Exercise details. Exactly as written, set down the lines from the top of the entries through the line bearing "Man with electric drill making hole in wall", with every picture left out.

Data extracts.
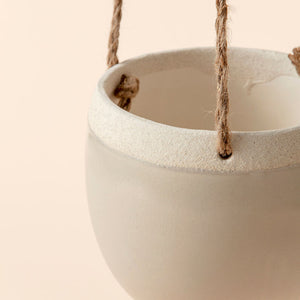 A close-up of the pot, showing its off-white unglazed rime and light gray surface.A close-up of the pot, showing its light brown unglazed rime and light gray surface.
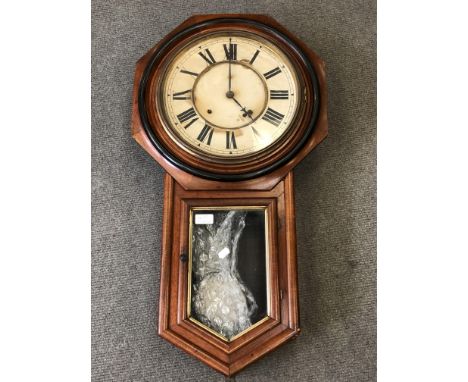 A Victorian mahogany cased Ansonia wall clock 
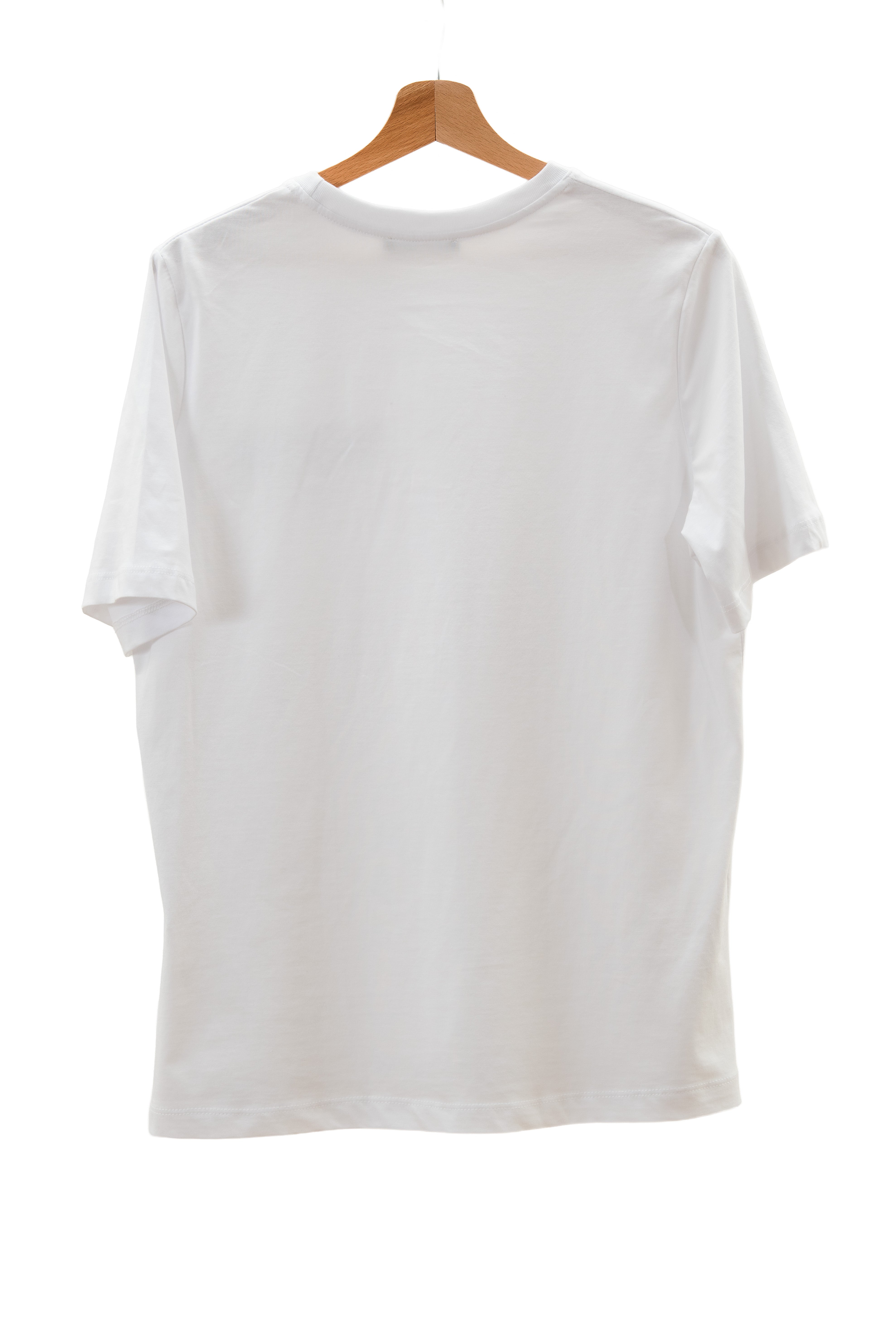 White t-shirt on a wooden hanger against a white background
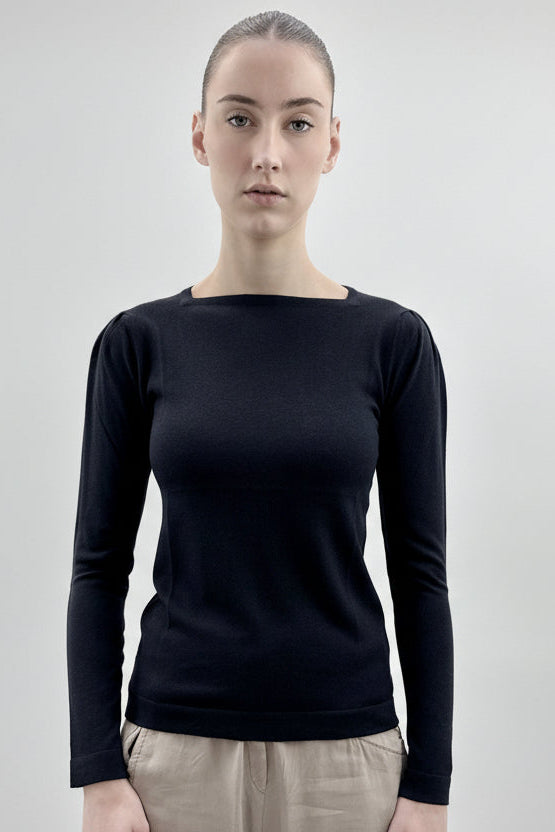 Person wearing a black long-sleeve top against a plain background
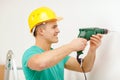 Man with electric drill making hole in wall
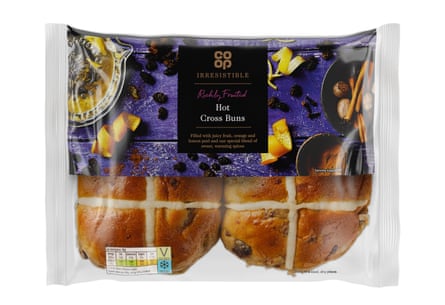 Four co-op hot cross buns in a semi transparent packet with a purple and black label over the top half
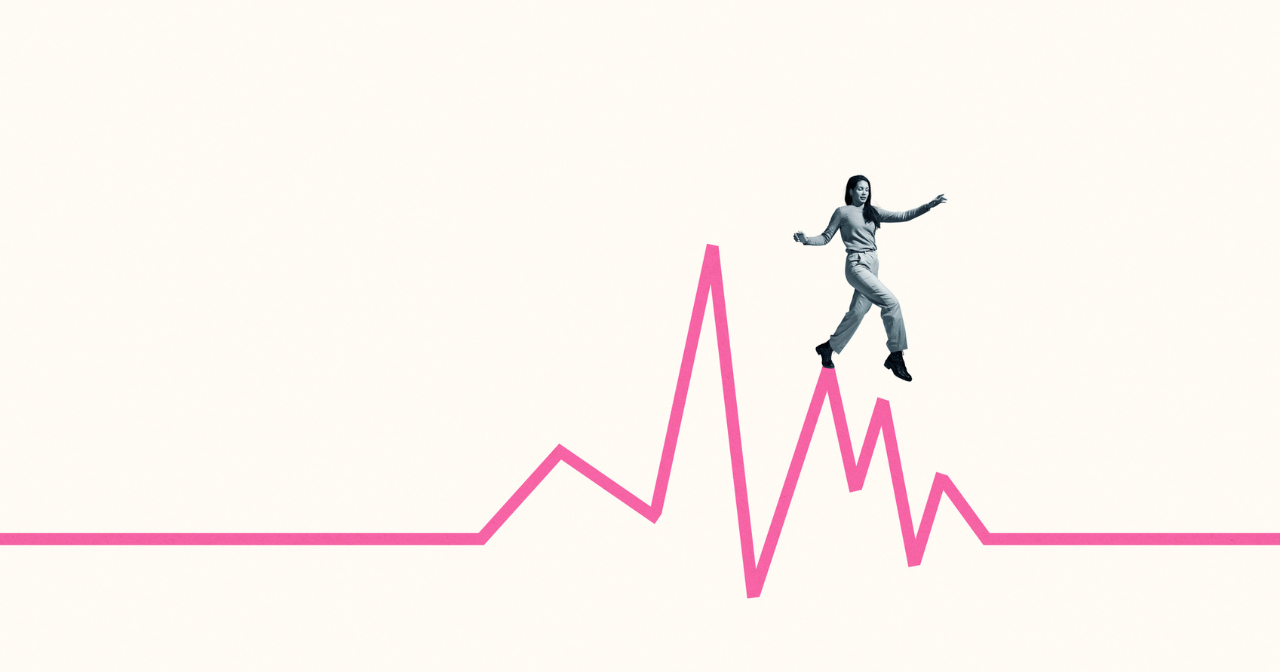 An image of a woman walking along the highs of a line graph. 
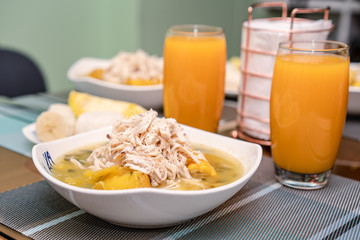 Ajiaco Santafereño, plato tipico colombiano, comida típica del interior de Colombia acompañado de jugo de mango 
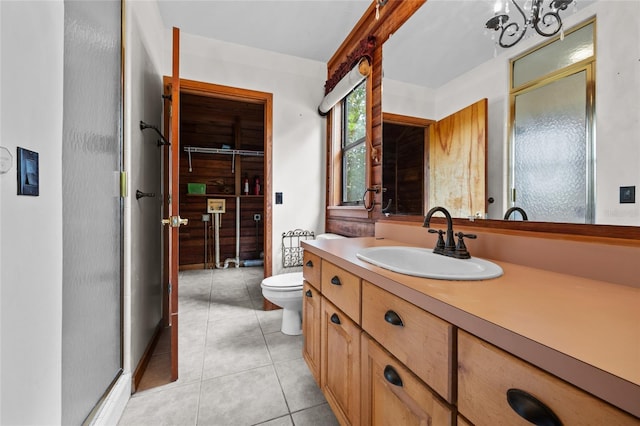 full bath with a notable chandelier, a shower with shower door, vanity, toilet, and tile patterned floors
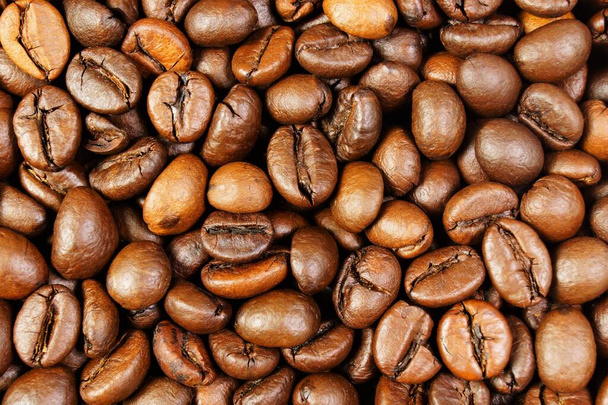 Background of coffee beans. It is popular for making a fragrant invigorating drink. - Photo, Image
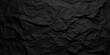 © Planetz - Crumpled Black Paper Texture Ideal for Backgrounds, Overlays, and Artistic Projects with Unique Detail and Depth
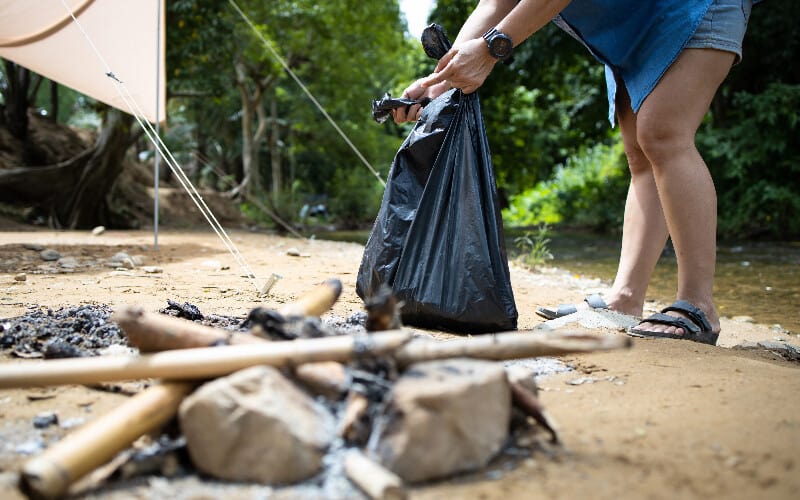 A person collecting trash at their campsite.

Output for this exercise.
 A close-up of the pot, showing its off-white unglazed rime and light gray surface.A close-up of the pot, showing its light brown unglazed rime and light gray surface.
 A Victorian mahogany cased Ansonia wall clock 
 White t-shirt on a wooden hanger against a white background
 Person wearing a black long-sleeve top against a plain background
 Man with electric drill making hole in wall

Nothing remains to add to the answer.